And are negligible in real gases in "normal" conditions.

They play no part in the expansion of the gas.

Then how are gases expanded ?????

I idea increase in temp -------> increment in K.E ------> increase in K.E how does the expansion let the K.Eastward go down ??

If you allow a gas expand against, say, a piston in a cylinder, the piston volition be moving abroad, against some restraining force and the momentum change as the molecules strike the piston will result in their speeds being decreased slightly. The loss of the KE of the molecules is fabricated up for past the gain of in energy of the piston and its restraint. This all refers to an platonic gas - no inter-molecular effects in the gas are involved.
And so how are gases expanded ?????

By increasing the volume available, for example. A gas will fill all the volume available to it. No external agent is necessary.
And this is because the inter-molecular forces are negligible in gases. The container is what keeps the gas from expanding and not inter-molecular forces. If the container cannot yield there will be no expansion, no affair how much you lot heat up the has and increase kinetic energy.

I don't really encounter how would think that expansion needs inter-molecular forces.
Perhaps y'all take in mind a condensed phase, like liquids and solids. Here the thermal expansion is due not to the "weakening of intermolecular forces" but to an increase in thermal energy combined with the non-harmonicity of the intermolecular potential.

I idea increment in temp -------> increment in book ------> increase in K.Eastward how does the expansion permit the K.East go downward ??

Well, imagine a molecule striking a wall. The molecule will bounciness off the wall. If the wall is moveable, then some of the kinetic free energy of the molecule will be transferred to the wall, causing the wall to move out, and therefore causing the volume to increment.

The energy [itex]\delta Eastward[/itex] expended on pushing the wall outward is given past:

[itex]\delta E = F \delta x[/itex]

where [itex]\delta x[/itex] is the altitude the wall has been pushed out, and [itex]F[/itex] is the force exerted on the wall. In the case of a gas, the force on the wall is but [itex]P \cdot A[/itex], where [itex]P[/itex] is the gas force per unit area, and [itex]A[/itex] is the area of the wall. Putting these facts together gives:

[itex]\delta East = P A \delta x = P \delta V[/itex]

The quantity [itex]A \delta 10[/itex] is the change in book of the box resulting from pushing the wall, of expanse [itex]A[/itex] out a distance [itex]\delta x[/itex].

Then when the box expands, the energy transferred from the gas to the wall is given by:
[itex]\delta East = P \delta V[/itex]. That is the free energy that is taken abroad from the kinetic energy of the gas molecules.

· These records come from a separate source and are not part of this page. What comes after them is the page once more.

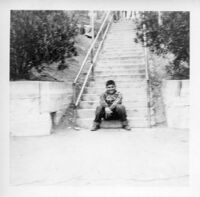 Boy sitting at bottom of stairs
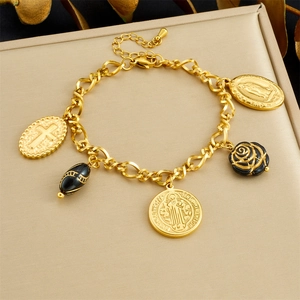 Detail of vintage gold bracelet with cross, black rose, and St. Benedict medal pendants
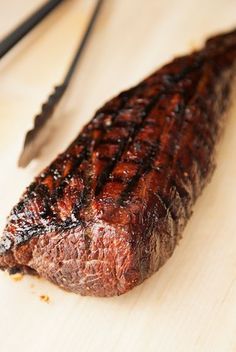 a piece of steak sitting on top of a wooden cutting board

By increasing the volume available, for instance. A gas volition fill all the book available to it. No external agent is necessary.
And this is considering the inter-molecular forces are negligible in gases. The container is what keeps the gas from expanding and not inter-molecular forces. If the container cannot yield there will be no expansion, no affair how much you estrus upwardly the has and increase kinetic energy.

I don't actually see how would think that expansion needs inter-molecular forces.
Maybe y'all accept in mind a condensed phase, like liquids and solids. Here the thermal expansion is due non to the "weakening of intermolecular forces" but to an increase in thermal free energy combined with the non-harmonicity of the intermolecular potential.

But are intermolecular forces involved in the contraction of gases in example of cooling ???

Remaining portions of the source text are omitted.